All you have to do is turn on the TV these days to know how popular kitchen and bathroom renovations have become. Backsplashes, stainless steel appliances, subway tiles, granite countertops, glass-enclosed showers, soaking tubs – the list of enticing upgrades and additions now available seems nearly endless.
There are a lot of factors to consider, though, before launching a kitchen or bath renovation, including an understanding – and acceptance – that these can be very complex renovation projects. Fortunately, with proper planning, vigilance and with a bit of luck, they also can turn out to be some of the best investments a homeowner can make – with minimal disruption and hassle for boards and managers.
As exciting and fun as it can be, planning early for a kitchen or bath renovation does not, unfortunately, mean spending late nights on Pinterest or leafing through glossy home renovation magazines. The most practical step is to contact your property manager and get a copy of the building’s alteration agreement and to learn more about what is expected and required for a successful renovation project.
Check Every Box
Before getting too involved in the project, it is important for the building’s architect or engineer to review it and come back to the manager, property owner, or unit owner with a list of objections or questions.

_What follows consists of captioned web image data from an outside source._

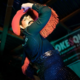 Seymour Hiney performs at a Smoke & Queers queer burlesque show in a sequined outfit with red fringe, arms raised on stage.
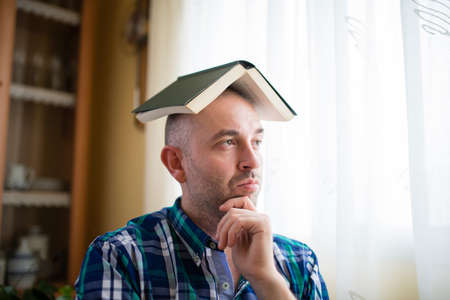 Adult man with a book on his head. He is thoughtfully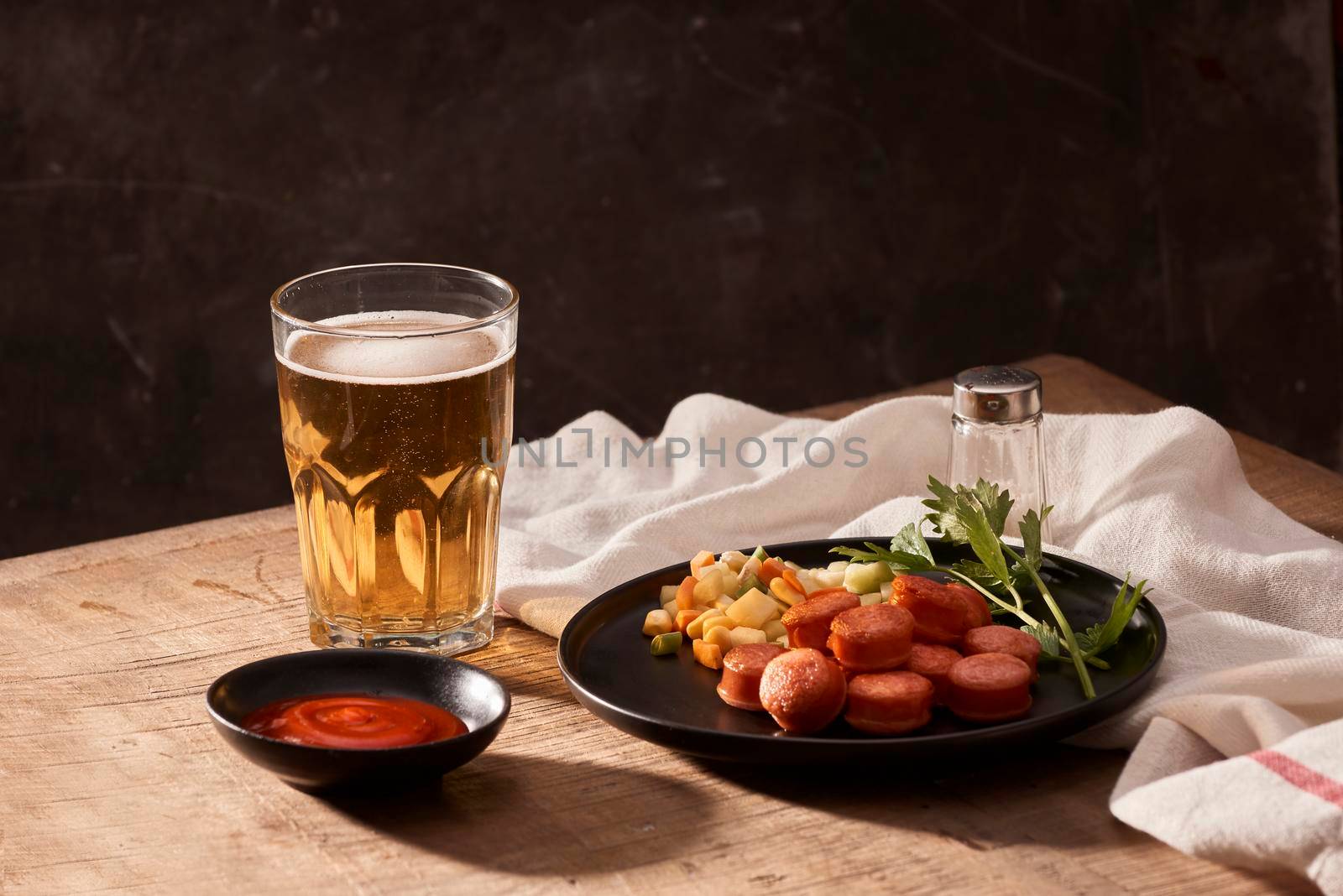 Glass of delicious beer with grilled sausages on wooden table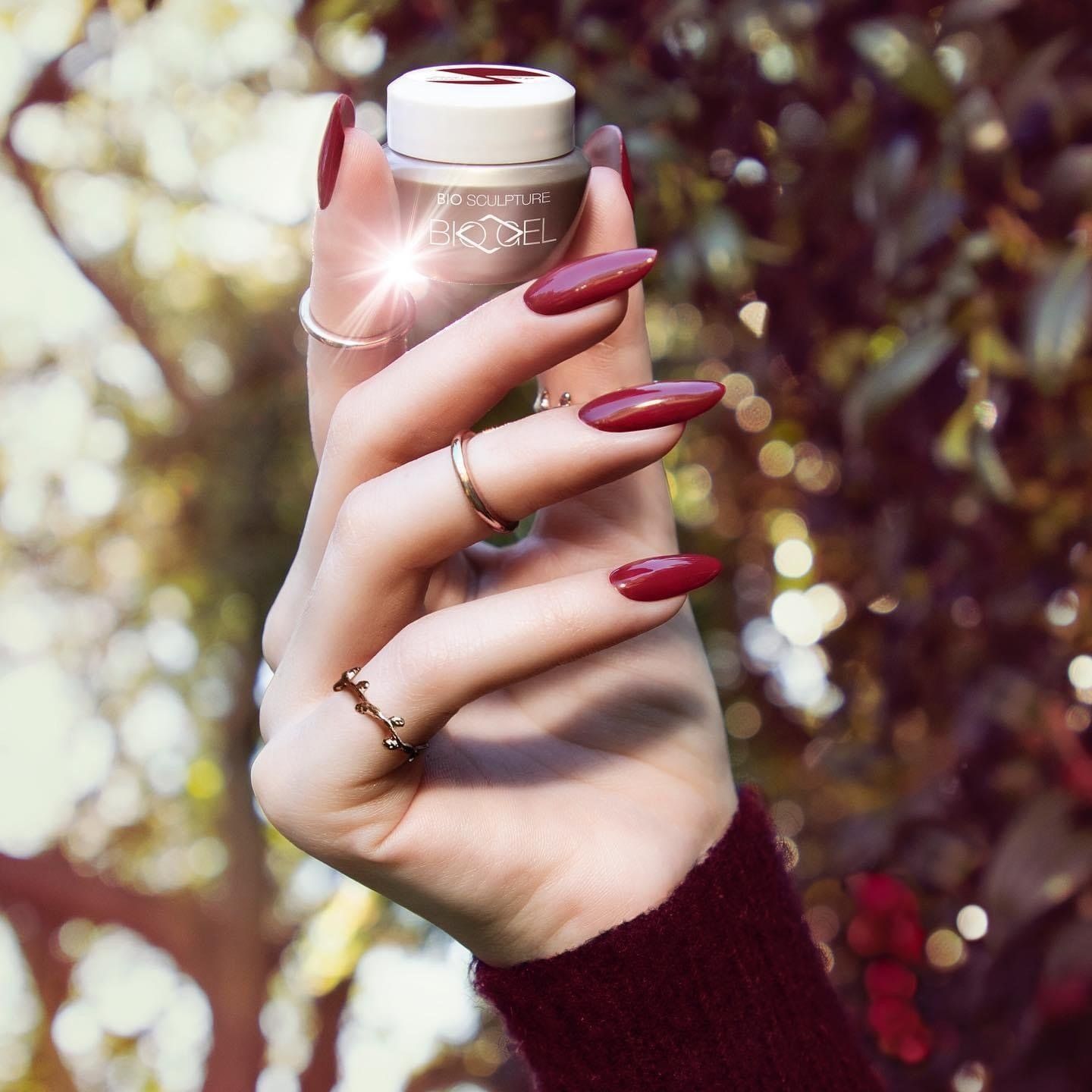 Hand holding a beige cosmetic bottle with long burgundy nails against a blurred leafy background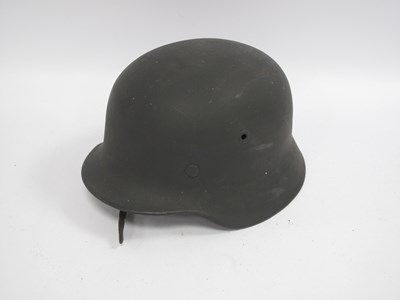 Lot 514 - WWII German M40 Helmet, stamped to inner brim,...
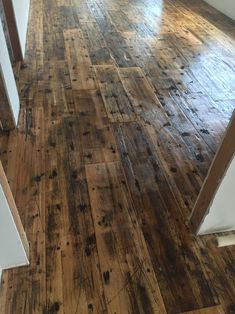 an empty room with wooden floors and white walls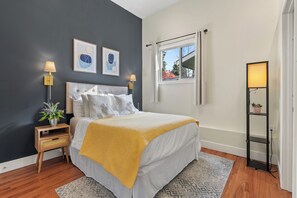 Une chambre à coucher comprenant un lit, des lampes de chevet, une table de chevet, une fenêtre avec des rideaux et un lampadaire.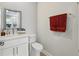 This bathroom features a white vanity with a mirror, a toilet, and a decorative towel rack at 8418 Via Bella Notte, Orlando, FL 32836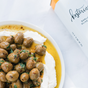 A plate of green olives in seasoned extra virgin olive oil rests on whipped cheese, beside a Kosterina Garlic Olive Oil container.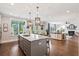 Open concept kitchen with center island and eat in counter and hardwood floors at 154 Calm Water Way, Summerville, SC 29486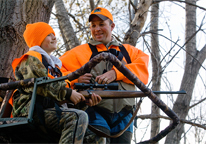 Father and son in a tree stand hunting deer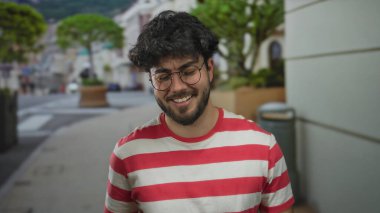 Sakallı genç adam canlı bir sokak ortamında gülümsüyor, gözlük takıyor ve kırmızı çizgili bir gömlek giyiyor, mutluluk ve rahatlama taşıyor..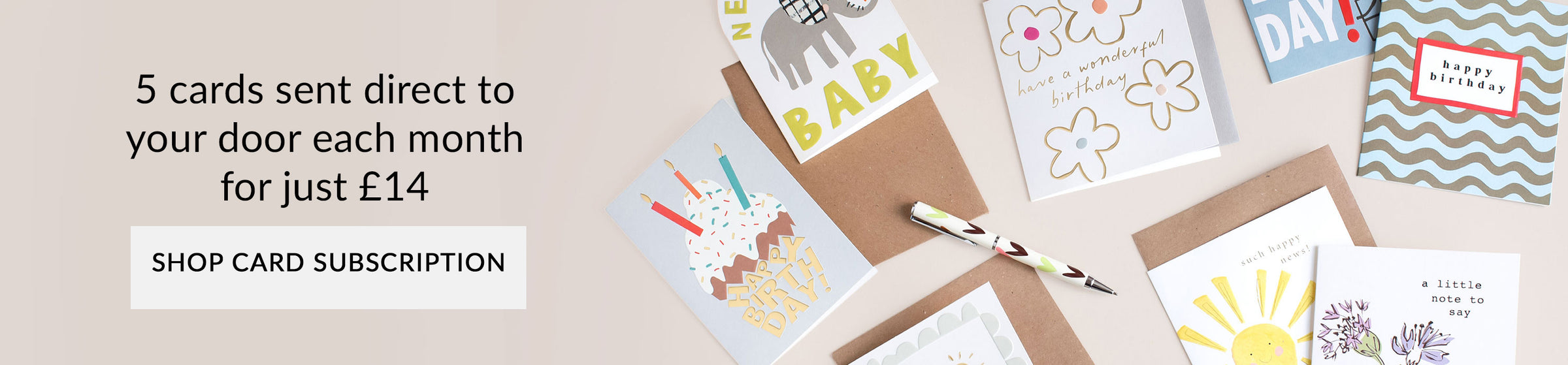 A promotional banner showing several greeting cards and envelopes arranged on a beige background, with text reading '5 cards sent direct to your door each month for just £14' and a 'SHOP CARD SUBSCRIPTION' button.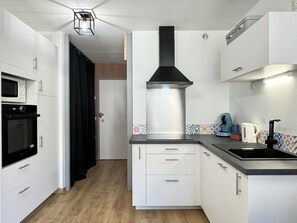 A compact kitchen with white cabinets, a black range hood, a microwave, and a kettle. - Joli 3 pièces 40m2. 2 chambres (Cauterets)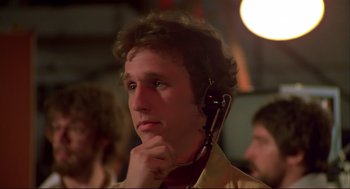 Movie still from “Dawn of the Dead” (1978), directed by George A. Romero – A man with a headset on looking at the camera; Close Up shot, Low angle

There may be some special details that the board will need to consider, in particular when residents want to expand the size of the kitchen or bath. “Some buildings won’t allow it,” Weinstein says. “Others will want waterproofing or sound alterations to reduce the potential for water damage or the risk of increased noise.”
Working with a contractor
Nothing makes a unit owner break into a cold sweat faster than the thought that their renovation project may not be done properly. What could be worse than an inspector coming through after everything has been sealed and cleaned up, and demanding costly repairs? To avoid that, it is imperative to ensure that contractors are working in line with all codes and requirements.